Because content will be more important than all the gizmos that are now playing entertainment.
“We’re not going to have human beings in 20 years. That’s all!” he declared. “People are not conversing with people. People are not talking to human beings and getting a sense of what maybe they missed, and then they come back to us with something meaningful.
“I am an odd duck in that I am old-fashioned, mid-Victorian, and terribly, terribly caste conscious. Of course that’s the way I am. I believe that’s okay. It doesn’t hurt anyone.
“But when you see the things that are despairing in their attempt to do something, I sit back and I suffer for them. I’m not glad they’re not doing well. I suffer that they’re not. Because it’s not good for the industry. It’s not good for my children. It’s not good for my grandchildren. And it’s not good for my great grandchildren.
“The spirit of child has been sucked out of the industry. And unless people remember everyone here has a child within them –
That child never goes away when you are seven, eight, and nine. It stays with you. And you know damn well who I’m talking to. Because you will do things that are childlike because they’re so wonderfully refreshing and innocent and safe. And if you don’t have some of that, an industry will just go by like a strong wind. And that hurts my heart. Am I depressing you folks? That wasn’t my purpose, I swear.”

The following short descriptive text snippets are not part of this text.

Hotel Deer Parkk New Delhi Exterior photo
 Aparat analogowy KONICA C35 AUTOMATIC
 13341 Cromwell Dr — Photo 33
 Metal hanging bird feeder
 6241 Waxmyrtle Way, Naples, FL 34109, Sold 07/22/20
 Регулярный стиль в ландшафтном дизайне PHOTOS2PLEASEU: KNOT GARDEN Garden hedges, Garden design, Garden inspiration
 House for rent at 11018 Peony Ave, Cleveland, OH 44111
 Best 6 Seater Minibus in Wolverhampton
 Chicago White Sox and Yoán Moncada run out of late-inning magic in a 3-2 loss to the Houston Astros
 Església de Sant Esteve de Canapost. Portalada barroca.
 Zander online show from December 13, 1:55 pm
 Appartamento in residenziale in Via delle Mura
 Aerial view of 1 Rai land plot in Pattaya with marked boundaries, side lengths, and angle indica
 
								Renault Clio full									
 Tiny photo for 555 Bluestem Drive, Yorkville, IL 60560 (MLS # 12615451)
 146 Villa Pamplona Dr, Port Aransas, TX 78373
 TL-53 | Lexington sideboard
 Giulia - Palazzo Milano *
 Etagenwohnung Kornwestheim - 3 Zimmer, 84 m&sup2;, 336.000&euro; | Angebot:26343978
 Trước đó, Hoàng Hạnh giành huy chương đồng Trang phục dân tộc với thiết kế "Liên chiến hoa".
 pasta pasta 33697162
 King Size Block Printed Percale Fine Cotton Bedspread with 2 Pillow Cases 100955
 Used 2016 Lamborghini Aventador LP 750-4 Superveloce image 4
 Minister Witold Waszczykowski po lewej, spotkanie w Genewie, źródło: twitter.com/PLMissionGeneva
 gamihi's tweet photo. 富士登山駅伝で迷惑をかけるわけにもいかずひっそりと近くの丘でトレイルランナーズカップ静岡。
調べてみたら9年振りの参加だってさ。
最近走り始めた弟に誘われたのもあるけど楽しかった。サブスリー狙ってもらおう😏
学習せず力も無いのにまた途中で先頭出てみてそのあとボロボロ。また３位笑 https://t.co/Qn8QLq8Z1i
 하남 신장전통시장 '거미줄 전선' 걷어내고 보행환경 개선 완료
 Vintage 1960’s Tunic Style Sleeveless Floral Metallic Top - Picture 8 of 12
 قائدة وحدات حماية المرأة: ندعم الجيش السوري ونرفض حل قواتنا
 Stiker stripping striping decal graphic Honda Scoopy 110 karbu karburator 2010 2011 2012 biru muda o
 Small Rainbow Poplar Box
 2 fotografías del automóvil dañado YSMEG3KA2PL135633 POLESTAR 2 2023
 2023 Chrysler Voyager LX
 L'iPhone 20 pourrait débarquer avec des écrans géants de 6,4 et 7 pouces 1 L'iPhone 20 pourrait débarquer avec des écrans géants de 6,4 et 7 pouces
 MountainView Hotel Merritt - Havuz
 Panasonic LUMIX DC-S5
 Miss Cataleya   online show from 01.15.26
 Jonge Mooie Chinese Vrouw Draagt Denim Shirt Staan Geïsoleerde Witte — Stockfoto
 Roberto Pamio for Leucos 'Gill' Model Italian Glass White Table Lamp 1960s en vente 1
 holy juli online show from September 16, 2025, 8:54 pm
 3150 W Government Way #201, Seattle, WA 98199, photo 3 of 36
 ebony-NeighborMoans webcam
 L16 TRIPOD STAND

And so he ended his press conference with a joke:
“I hadn’t been on the subway train in 35, 40 years. And I took my daughter to New York for her 19th birthday, and we had a wonderful time. And I said, ‘Danielle, wouldn’t you like to see what the subway is like? Because you’ve never been there. I wasn’t there since 50, 60 years ago.’ ‘Yeah, Daddy, I’d like that.’ So we get on subway train. And my daughter and I are sitting somewhat like this, and it stops at a stop, and a guy comes on with leather pants, rings from his nose, rings from the ears, tattoos this large over his neck and collar, with leather pants and a leather jacket, and he had chain coming from every orifice. Now, his hair was spiked. It was yellow, green, red, purple, and I’m staring at him. So the young guy says to me “What’s the matter, old man, didn’t you ever do something extraordinary in your life?” I said, “Yes, as a matter of fact. 25 years ago I had sex with a parrot. I thought you were my son.”